# Estimating a Graph's Degree Distribution

Suggested by | C. Seshadhri |
---|---|

Source | wola19 |

The *degree distribution* of a graph $G=(V,E)$ is the histogram of the degree frequencies: i.e., letting $n(d)$ denote the number of degree-$d$ vertices, the histogram $(n(d))_{d\geq 0}$. Define the (complementary) cumulative distribution function as
\[
N(d) \stackrel{\rm def}{=} \sum_{d'\geq d} n(d'), \qquad d\geq 0\,.
\]
Assume one has access to the graph $G$ via the following (standard) three types of queries:

- sampling a u.a.r. vertex

- querying the degree of a given vertex

- sample a u.a.r. neighbor of a given vertex

and the goal is to obtain the following $(1\pm \varepsilon)$-"bicriteria" approximation $\hat{N}$ of the degree distribution: for all $d$, \[ (1-\varepsilon)N( (1-\varepsilon)d) \leq \hat{N}(d) \leq (1+\varepsilon) N((1+\varepsilon)d)\,. \] Previous work of Eden, Jain, Pinar, Ron, and Seshadhri [EdenJPRS-18] shows an upper bound of \[ \frac{n}{h} + \frac{m}{\min_d d\cdot N(d)} \] queries, where $h$ is the value s.t. $N(h)=h$ (where the complementary cdf intersects the diagonal).

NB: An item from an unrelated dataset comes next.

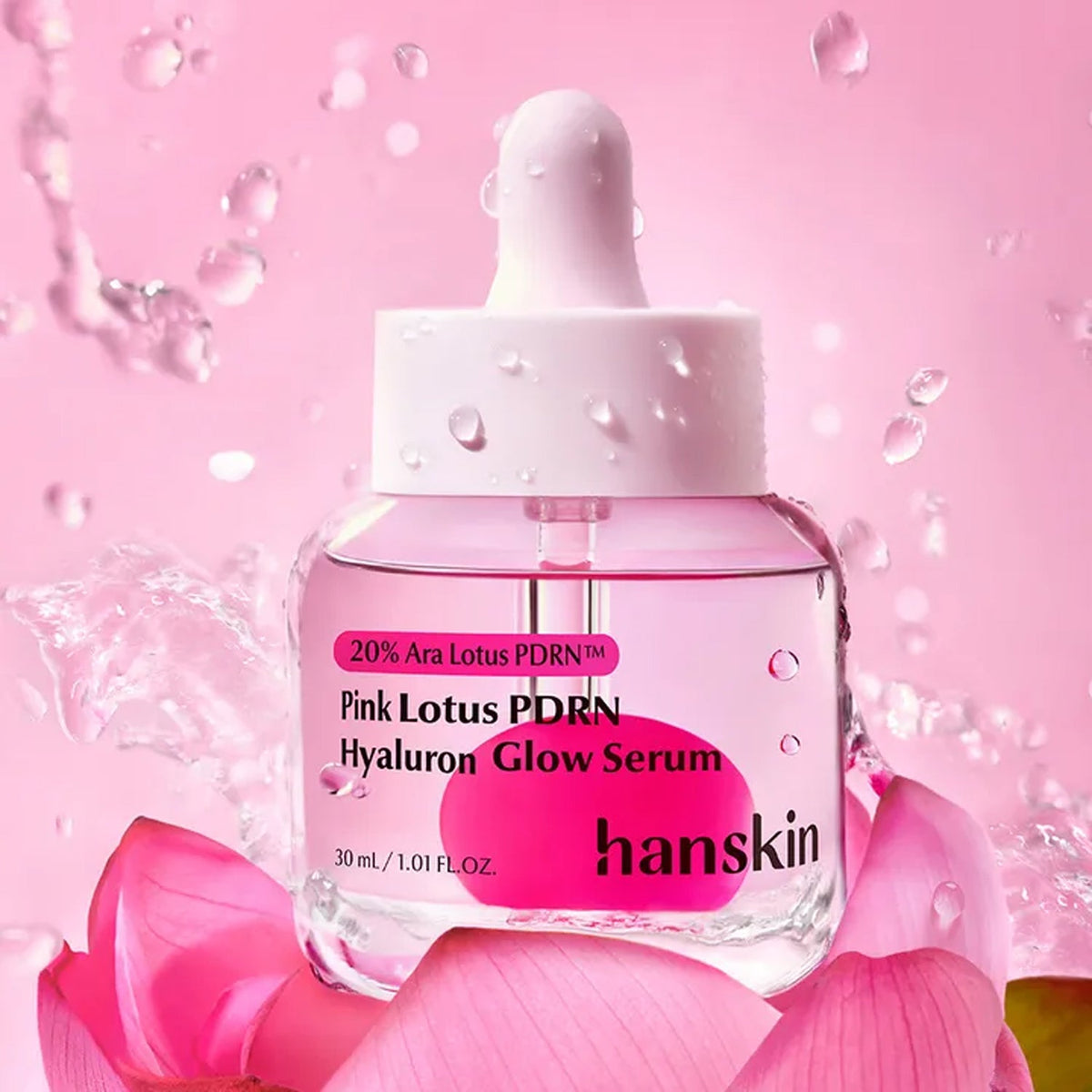 Hanskin Pink Lotus PDRN Hyaluron Glow Serum 1.01 fl oz (30 ml) — pink serum dropper bottle with water droplets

**Question:** Can this upper bound be improved? Can one establish matching lower bounds?

And also, slightly less well-defined:

**Question:** Can one obtain better upper bounds when relaxing the goal to only learn the *high-degree* (tail) part of the distribution? What about testing properties of the degree distribution (e.g., "power-law-ness") in this setting? And what about the first type of queries — can one relax it, or work with a different type of sampling than uniform (for instance, via random walks)?